I decide that Clem was right: that he is a difficult man.
He’s restless, the energy of his anger still hanging around him. He sits at the desk and takes out his cufflinks and pushes up his sleeves.
‘So, Ginnie, how can I help you?’ His gaze is hard, puzzled.
‘I’ve been trying to ring you,’ I tell him. ‘I couldn’t get through.’
‘That happens, I’m afraid,’ he says. ‘It’s been crazy here. Tell me what I can do for you.’
I tell him I’m a psychologist, that I’m working with a child that I don’t understand.
He’s leaning forward across the desk, his hands loosely clasped in front of him. His hands are close to mine. I notice the pale skin, the dark hairs on the backs of his fingers, the lilac web of veins inside his wrists.
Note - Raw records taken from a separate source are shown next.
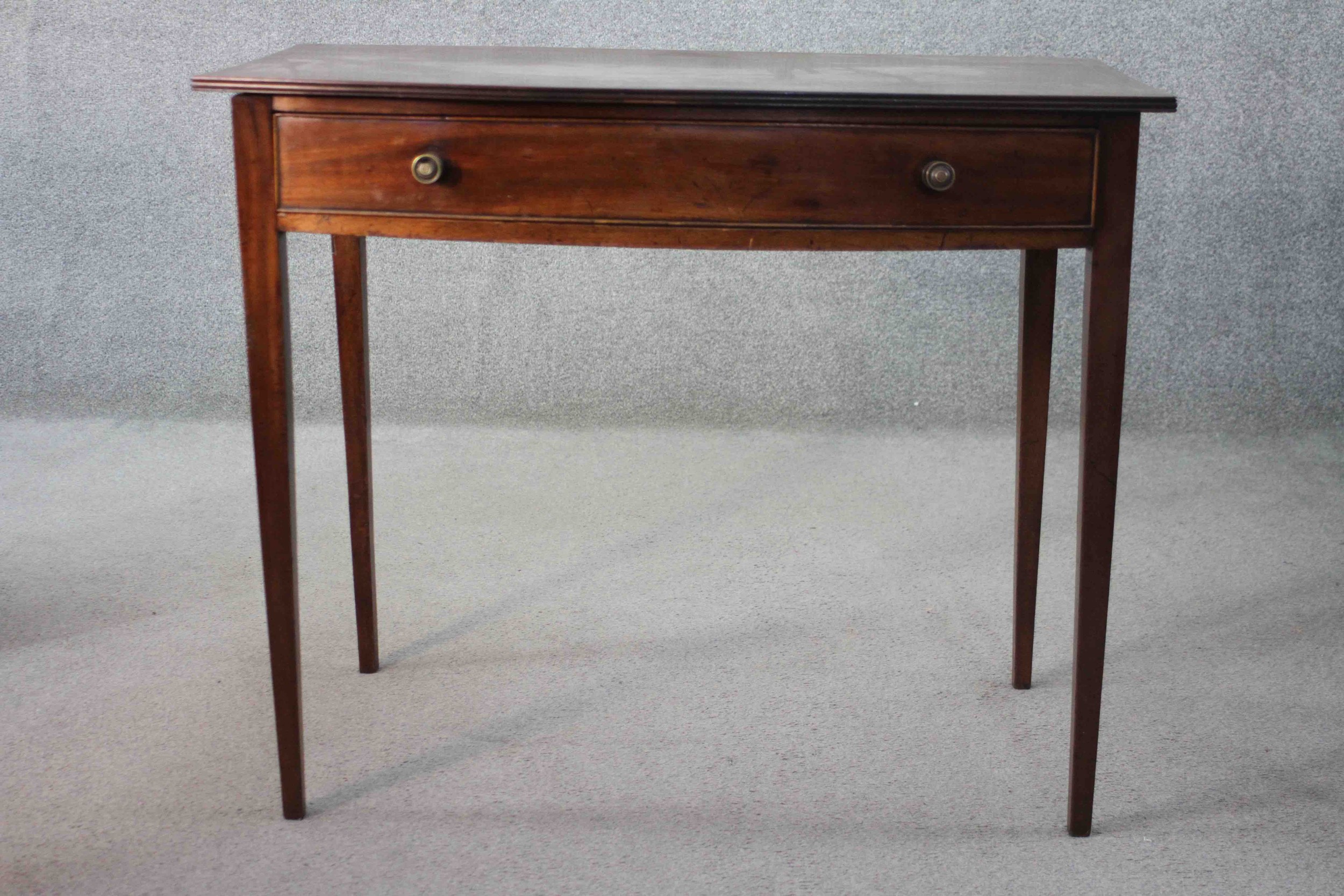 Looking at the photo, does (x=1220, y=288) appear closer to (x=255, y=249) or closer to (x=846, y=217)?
(x=846, y=217)

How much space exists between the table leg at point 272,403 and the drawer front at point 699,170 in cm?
3

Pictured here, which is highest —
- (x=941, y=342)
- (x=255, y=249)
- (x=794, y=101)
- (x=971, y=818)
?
(x=794, y=101)

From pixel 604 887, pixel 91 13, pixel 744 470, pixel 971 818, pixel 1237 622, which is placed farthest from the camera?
pixel 91 13

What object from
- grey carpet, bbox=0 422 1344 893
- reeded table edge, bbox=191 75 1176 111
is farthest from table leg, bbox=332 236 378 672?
reeded table edge, bbox=191 75 1176 111

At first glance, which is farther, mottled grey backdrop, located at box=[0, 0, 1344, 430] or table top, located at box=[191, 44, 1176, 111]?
mottled grey backdrop, located at box=[0, 0, 1344, 430]

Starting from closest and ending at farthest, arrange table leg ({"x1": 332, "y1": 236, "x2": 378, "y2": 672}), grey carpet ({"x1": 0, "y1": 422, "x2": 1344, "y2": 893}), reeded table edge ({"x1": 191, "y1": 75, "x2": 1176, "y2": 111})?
reeded table edge ({"x1": 191, "y1": 75, "x2": 1176, "y2": 111})
grey carpet ({"x1": 0, "y1": 422, "x2": 1344, "y2": 893})
table leg ({"x1": 332, "y1": 236, "x2": 378, "y2": 672})

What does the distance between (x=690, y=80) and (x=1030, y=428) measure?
0.60 meters

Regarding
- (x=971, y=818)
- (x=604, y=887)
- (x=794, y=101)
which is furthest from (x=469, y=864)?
(x=794, y=101)

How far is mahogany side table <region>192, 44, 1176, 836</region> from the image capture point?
3.63ft

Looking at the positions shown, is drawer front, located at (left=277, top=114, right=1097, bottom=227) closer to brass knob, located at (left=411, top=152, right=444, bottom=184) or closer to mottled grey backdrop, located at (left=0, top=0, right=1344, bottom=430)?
brass knob, located at (left=411, top=152, right=444, bottom=184)

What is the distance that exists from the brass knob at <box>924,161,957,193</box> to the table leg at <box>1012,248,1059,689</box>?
1.15ft

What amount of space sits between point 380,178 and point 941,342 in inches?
64.7

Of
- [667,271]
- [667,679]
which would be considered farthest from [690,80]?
[667,271]

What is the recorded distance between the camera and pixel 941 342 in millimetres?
2588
I tell him about Kyle, how I feel he’s been through some trauma but I don’t know what it was. Will Hampden has his eyes on me, dark eyes, with red flecks in. As I talk I’m very conscious of his intent, puzzled gaze. I decide he doesn’t like me. I think how I must seem to him, prissy, bland, ineffectual; my skin reddened from walking here, my hair all messy from the morning’s rain.
‘I don’t remember the name,’ he says, ‘but that doesn’t mean a thing. I’ll have a look on Crim Int. Let’s see what we can find out for you.’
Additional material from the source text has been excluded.